Because our lives are comprised of and lived in stories, leadership can be more effective when we take into account what those we lead are saying. This means a careful listening to history and determining the boundaries erected by a story. Narrative Leadership is the willingness to learn the storied history of people and their organization then deliberately and cooperatively using those stories to fashion a future.

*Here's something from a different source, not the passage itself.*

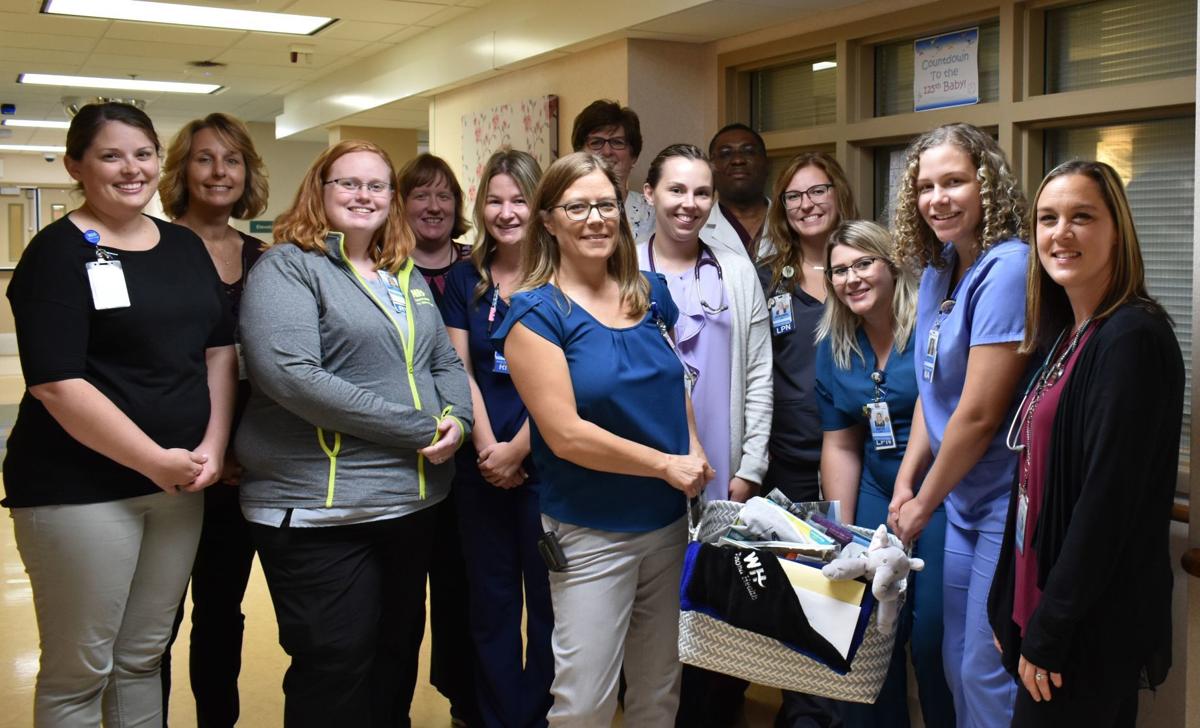 Winona Health 125th baby of 125th year Local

Narrative leadership is a method and as such adaptable to all organizations. Generally, the term means two things. The first is to create or introduce change by relating the change initiative to stories. The second is to see that an organization has a story or stories that define it. In this use, before any change is initiated the leader will determine those stories and how they may impact what is proposed. Narrative leadership can be used in any organization. It is best used where change can take effect over time.

Friday, May 29, 2009

Leading and Leadership

I have been intrigued to discover what I call the difference between leading and leadership. In the first are the practices that build up a people and in the second the environment of mutual trust and respect that makes it possible. I point this out because I suspect that in human sociality the majority of people aren’t as interested in having a leader as in having leadership. Of course one cannot occur without the other but I think it serves to locate the primary task of leaders as “environmentalists” while reminding us that our role cannot be fulfilled in a vacuum: we need people. It’s oxymoronic yet so fitting in the grander scheme of life that what we need to accomplish our mission is also that which defeats it. Leaders and perhaps particularly narrative leaders then dance the perpetual steps of the unconvinced but always moving toward a destination, taking people with us.